The US leadership, in the both executive and legislative branches, appears determined to preserve the military power of the nation and keep it as a trump card to protect and advance the interests of US corporations, the chief actors in the country’s economy. As long as US dependence on foreign oil continues and increases, this will be the case. There are two other implications. Powerful forces within the US that reap benefits from large military spending want the status quo to continue. This is the military-industrial complex about which President Dwight D. Eisenhower warned the country in his last speech as president, on January 17, 1961. And US leaders seem persuaded that only the US has the military power to keep the world from falling into an intolerable and dangerous disorder.
Just consider one of these points, the forces within the US that serve to drive the military-industrial complex. Here are examples of these forces.
In the United States, there are many powerful groups, communities, and just ordinary citizens that support a militarized foreign policy. Why? Many parts of the US have benefited from the Iraq War financially, ideologically, and/or politically. Consider the following list of relevant items
(1) The military-industrial complex thrives on wars, however reckless, costly in resources and to people, and counterproductive they are.
(2) The President, along with too many elected officials in the U.S. Congress, advance a bipartisan, pro-war budget and agenda and have won money and votes for their campaigns..
(3) Covering up - “In 2005 and 2006 while Republicans held a majority in Congress, Democratic Congress members led by John Conyers (Mich.), Barbara Lee (Calif.), and Dennis Kucinich (Ohio) pushed hard for an investigation into the lies that had launched the aggression against Iraq. But from the time the Democrats took the majority in January 2007 up to the present moment, there has been no further mention of the matter, apart from a Senate committee’s release of its long-delayed report” (David Swanson, War Is a Lie, p. 303).

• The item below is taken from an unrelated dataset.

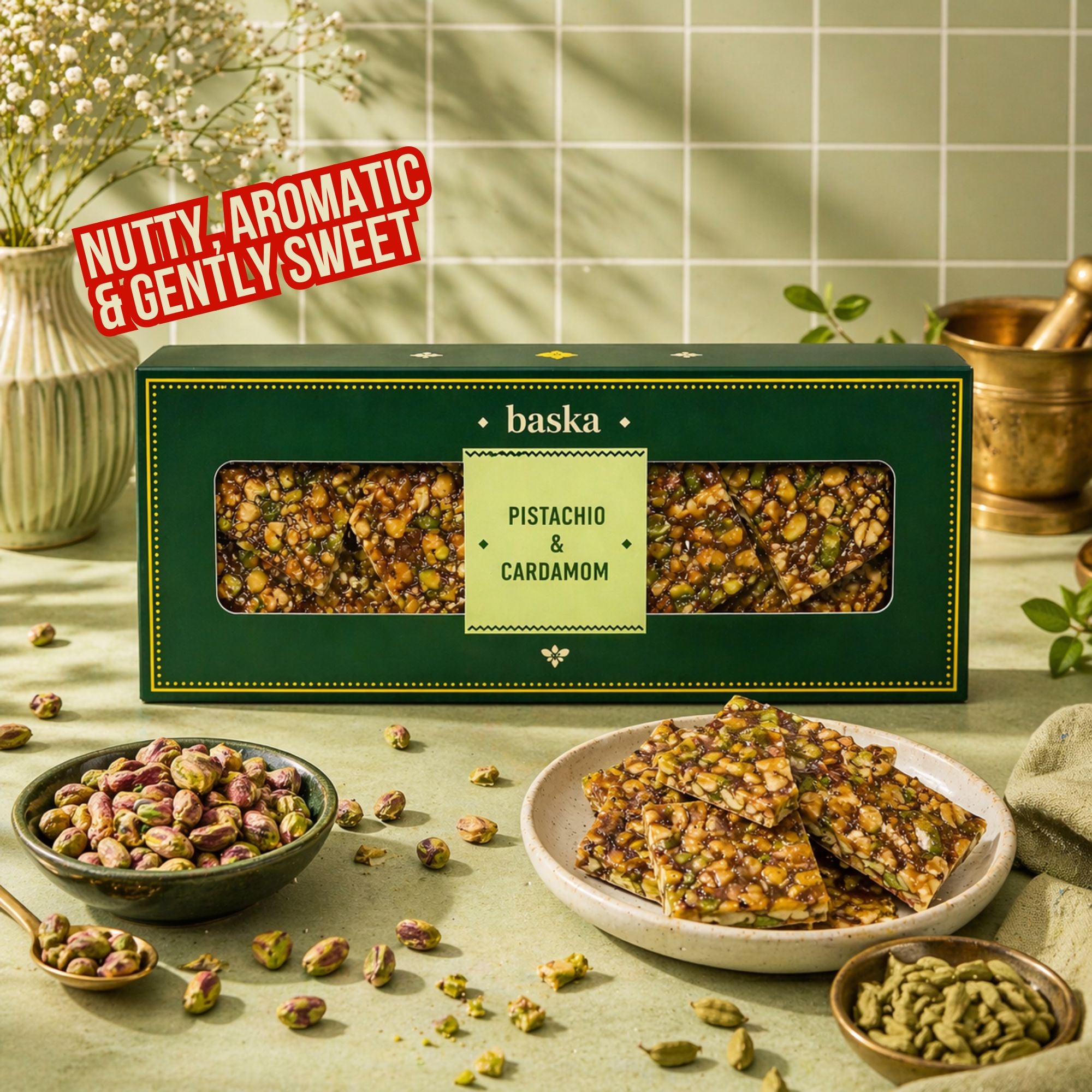 Pistachio & Cardamom Brittle (150gms)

(4) The large veterans’ organizations typically defend the militarized foreign policy of the US government.
(5) Thousands of communities across the United States and in virtually all congressional districts support the government’s large military budgets, especially when they have military bases in their areas or local business with contracts to produce weapons or military-related supplies. The benefits are in employment, additional taxes, and spurs to the local economy.
(6) Burgeoning private firms/contractors prosper that provide services to the troops, security to embassies and officials, experienced former soldiers for special operations, and intelligence to the military.
(7) Millions of citizens who pride themselves on being patriotic have adopted the idea, perhaps out of fear, confusion, or the lack of information, that military force is the only way to protect America and its interests here and abroad. Here is a sad commentary on the US culture from David Swanson’s new book, War Is a Lie.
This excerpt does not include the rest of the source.